Data:
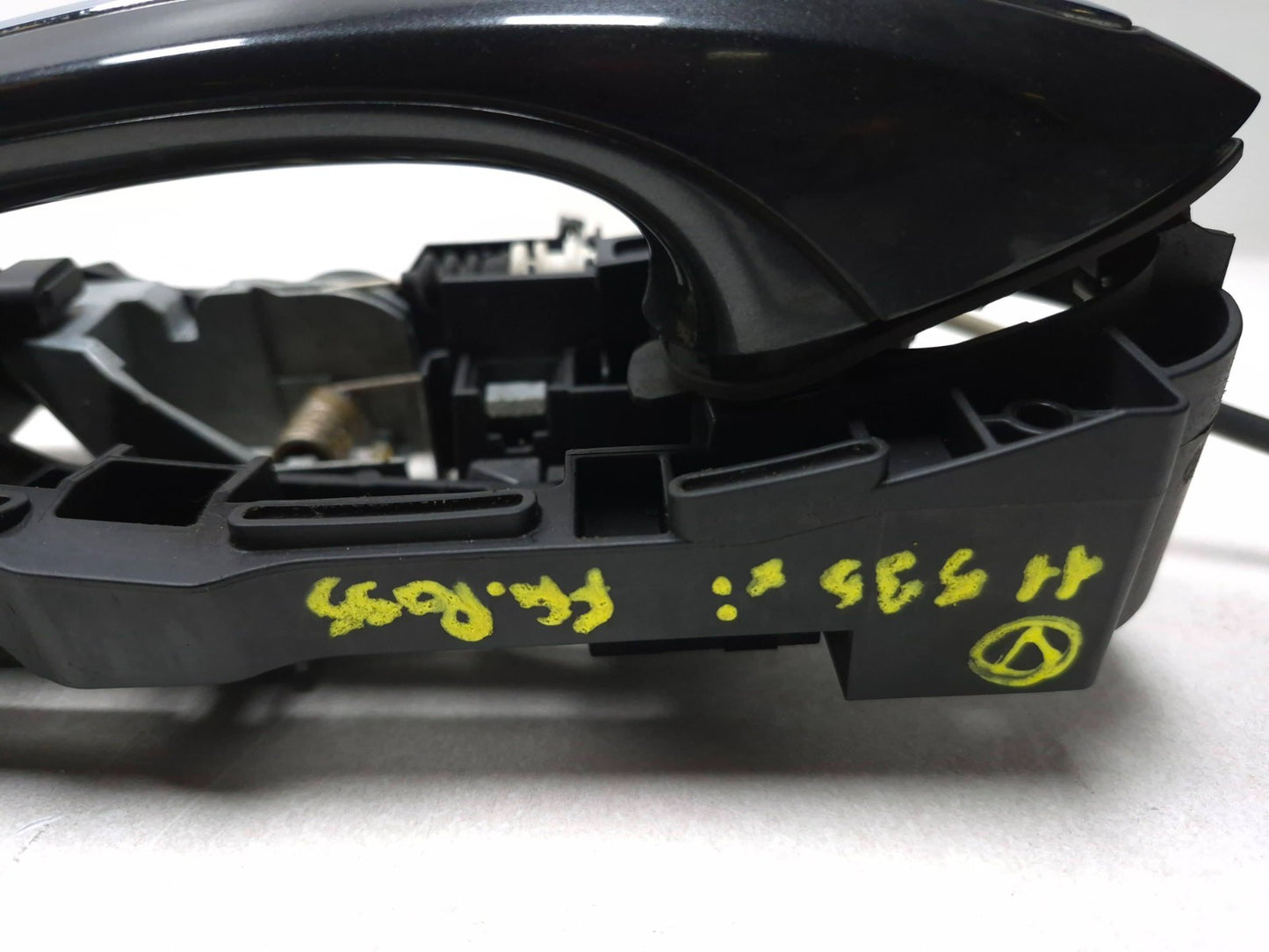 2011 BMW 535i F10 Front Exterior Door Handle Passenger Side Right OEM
--
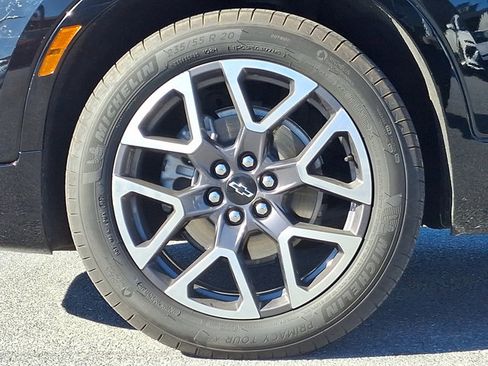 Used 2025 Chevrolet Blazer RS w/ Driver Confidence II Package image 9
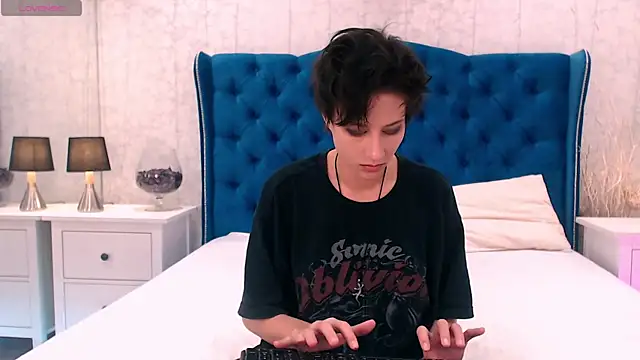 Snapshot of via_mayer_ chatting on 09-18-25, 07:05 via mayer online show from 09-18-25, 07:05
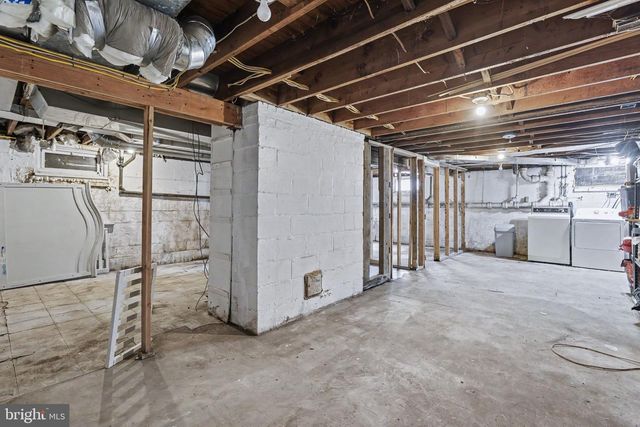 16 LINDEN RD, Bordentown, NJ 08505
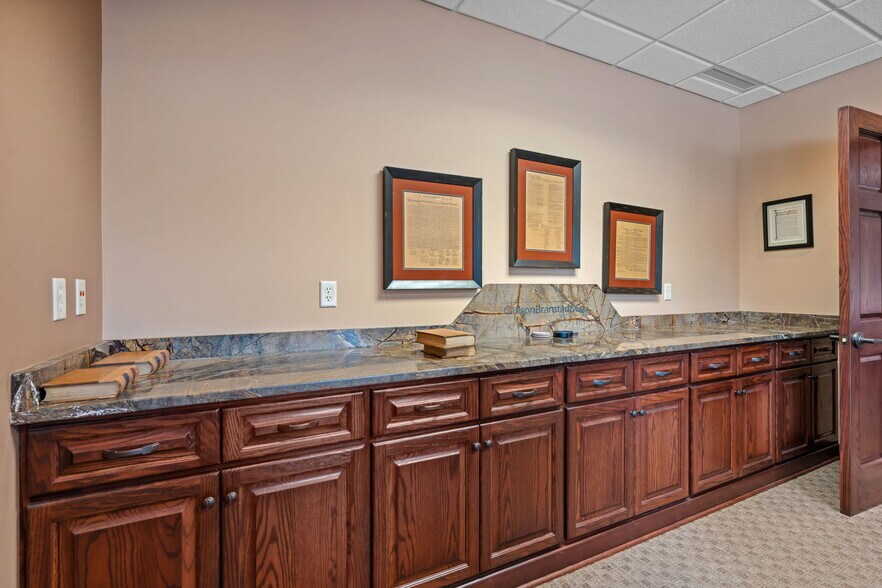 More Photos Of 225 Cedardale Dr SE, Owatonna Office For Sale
---
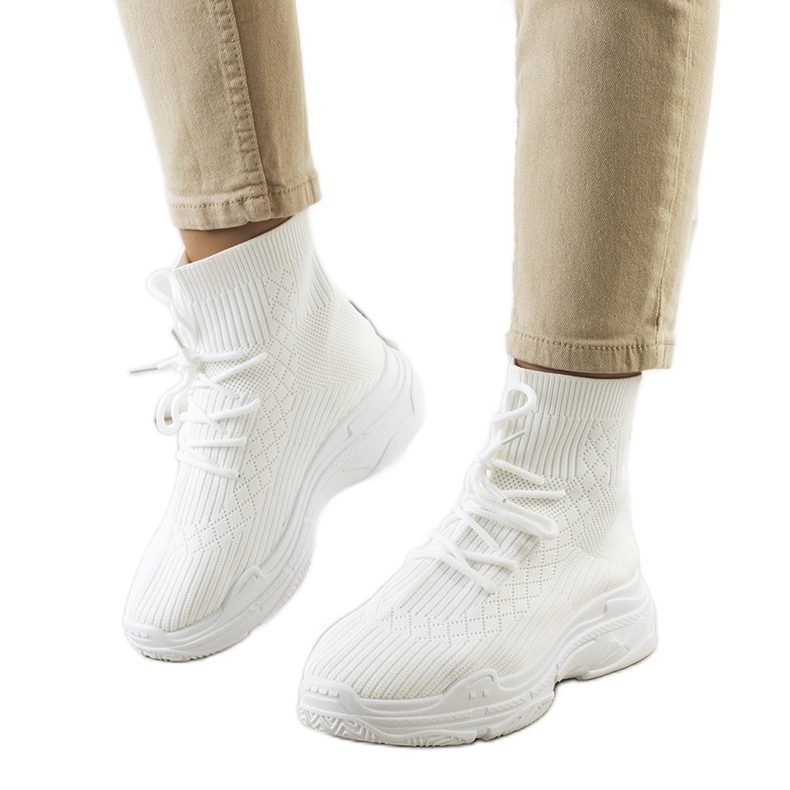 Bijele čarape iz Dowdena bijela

About this exercise:
In the listing above, find the line holding "16 LINDEN RD, Bordentown, NJ 08505" and the line holding "More Photos Of". Reproduce those two lines and all between them exactly, leaving out pictures.

Expected answer:
 16 LINDEN RD, Bordentown, NJ 08505
 More Photos Of 225 Cedardale Dr SE, Owatonna Office For Sale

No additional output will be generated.